Published: 2021-03-31 11:51

Last Updated: 2024-04-25 03:45


Source: US News and World Report
Source: US News and World Report

The administration of US President Joe Biden, in its annual human rights report released on Tuesday, refrained from explicitly describing the West Bank as an "occupied land" by the Israeli Occupation, following the example of the administration of former President Donald Trump, which abandoned this description in its previous reports.

Until Trump assumed power in 2017, the US State Department, in its annual report on the human rights situation in the world, devoted a chapter to "Israel and the Occupied Territories," but this title changed in 2018 to "Israel and the West Bank and Gaza," which is the same phrase that was mentioned in the report released Tuesday.

In 2018, the majority of observers read the semantic change as an indication of the Republic's desire to align with the Hebrew state, a matter that was soon confirmed by Trump's recognition of Occupied Jerusalem as the capital of the Israeli Occupation, and then of Israeli Occupation sovereignty over the occupied Syrian Golan Heights, as well as his decision not to consider the Israeli settlements in the occupied West Bank as a violation of international law.

Observers wondered whether this first report in the Biden era - which covers the year 2020 - would return to previous wording, or keep the wording of the Trump administration.

The new American president is defending the two-state solution and has tried to partially distance himself from his predecessor's policies on the Middle East conflict.

The US State Department made sure in its Tuesday report to include a paragraph explaining that the words used to describe the Israeli Occupation and the Palestinian territories “do not reflect a position on any of the final status issues that will be negotiated by the parties to the conflict, especially the limits of Israeli sovereignty in Jerusalem or the borders between Israel and a future Palestinian state. "

It added that "this part of the report covers Israel... as well as the Golan Heights and the lands of East Jerusalem that Israel occupied during the June 1967 war."

The report stated that "the United States recognized Jerusalem as the capital of Israel in 2017 and Israel's sovereignty over the Golan Heights in 2019."

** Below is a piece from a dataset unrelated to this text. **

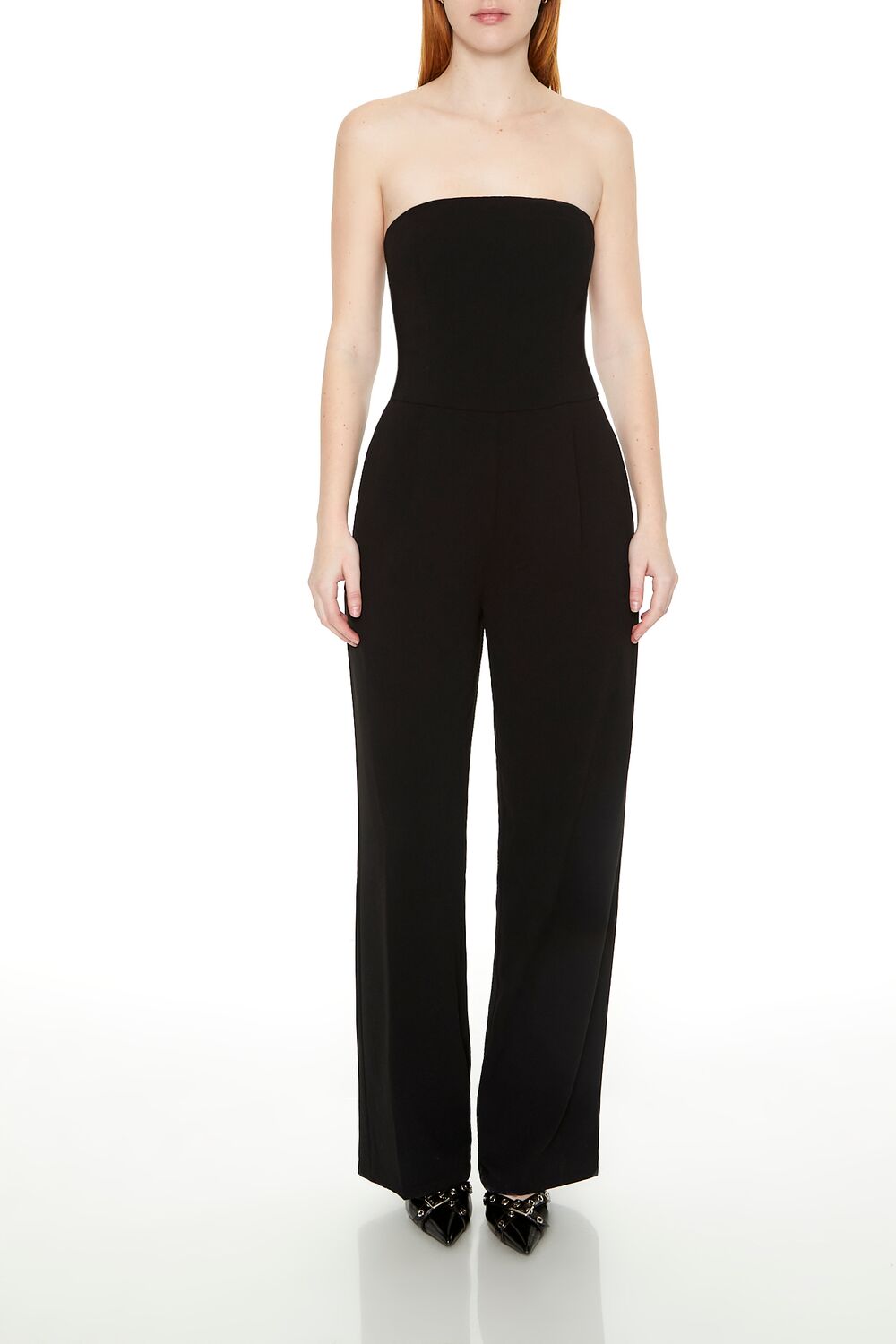  Forever 21 Strapless Straight-Leg Jumpsuit - black - Bonton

In response to a question about the reason that prompted the administration not to return to the wording that was approved before 2018, Lisa Peterson, the official in charge of human rights at the State Department, explained that American diplomats preferred to adhere to geographic determinants only.

"This is in line with our general practices," she told reporters. "We also believe that it is clearer and more useful for readers seeking information on human rights in these areas."